Shortly after, another group of engineers were starting to validate and transform models, or use them to generate code and what not. Activities known as model management. These group of engineers usually grouped elements by type in order to analyse or transform the models. or were only interested in the model demographics (total number of elements, number of elements per type, etc.). As such, these engineers were more interested in the internal characteristics of the models than the format used to share them.
Unfortunately, the needs of the two groups don’t align. The XML based format forces models to be loaded as a whole prior to processing. The modelling engineers were interested in parts of the model.
So that is how JSOI came to be, to provide a format that is model management friendly!
Why JSOI
I’ve been working in Model-Driven Engineering for over 10 years. But it was not until I started working on incremental language execution that I personally felt the pain of working with large models stored in XMI format (probably the most common format for storing EMF models) – but that is a story for another time. Suffice to say that it got me thinking about how we persist models.
Some history
The Object Management Group (OMG) was looking for a model exchange format for the Unified Modelling Languages back in 1997. At that time, the XML was well-established and its tree-based serialisation format was found to be a good fit for the model exchange format. In 1998 the XML Metadata Interchange (XMI) Specification (version 2.5.1 as of writing this post) was born. The XMI specification defines how models (graphs) can be represented as trees, and then how these trees can be persisted in text files using the XML.

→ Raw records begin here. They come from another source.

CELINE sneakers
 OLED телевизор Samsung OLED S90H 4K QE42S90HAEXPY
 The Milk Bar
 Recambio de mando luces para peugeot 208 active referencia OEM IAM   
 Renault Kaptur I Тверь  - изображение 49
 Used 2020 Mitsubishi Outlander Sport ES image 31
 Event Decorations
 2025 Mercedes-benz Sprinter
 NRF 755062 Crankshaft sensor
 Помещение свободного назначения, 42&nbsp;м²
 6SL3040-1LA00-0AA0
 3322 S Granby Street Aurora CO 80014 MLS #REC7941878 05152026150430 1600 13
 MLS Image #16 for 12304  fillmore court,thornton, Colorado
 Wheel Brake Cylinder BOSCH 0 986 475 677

The Eclipse Modelling Framework (EMF) was released in 2007; the Atlas Transformation language dates back to 2006; the languages from the Epsilon Modelling Framework appeared between 2006 and 2010; others have come after. [1]
Model management languages came late to the party, else, in my opinion, the modelling language community would have sent a proposal to the OMG back in 1997; one that was designed with model management tasks in mind additionally to the exchange requirements.
JSOI in a nutshell
JSOI is a Interchange Format for Efficient Model Management. Before getting into the technical details behind the language, let’s get hands-on. Using the Railway Benchmark metamodel in the figure above, a conformant JSOI model will look like this:
{ ... "railway:RailwayContainer": { "size": 1, "elements": [ { "routes": [ "jsoi:$.railway:Route.elements[0]" ], "regions": [ "jsoi:$.railway:Region.elements[0]" ] }] }, "railway:TrackElement": { "subtypes" : [ "railway:Segment", "railway:Switch" ]}, "railway:Route": { "size": 2, "elements": [ { "id": "R.7A-T.7A", "active": true, "follows": [ "jsoi:$.railway:SwitchPosition.elements[0]" ], "requires": [ "jsoi:$.railway:Sensor.elements[0]", "jsoi:$.railway:Sensor.elements[1]" ], "entry": "$.railway:Semaphore.elements[0]", "exit": "$.railway:Semaphore.elements[1]" } ... ] }, "railway:Segment": { "size": 1986, "elements": [ { ... }, ... ] }, }
The two main differences between JSOI and XMI, is that JSOI does not use nesting to represent containment references (graph vs tree format) and that elements are stored in arrays grouped by type (model management vs exchange). The purpose of the elements-by-type structure is to facilitate retrieval of elements of a given type and the gathering of model statistics. For this, the elements-by-type structure not only holds all elements of the type, but also stores information about the type’s subtypes and the number of elements. The number of elements information is stored so model statistics can be retrieved directly from the model without having to load any elements.[1]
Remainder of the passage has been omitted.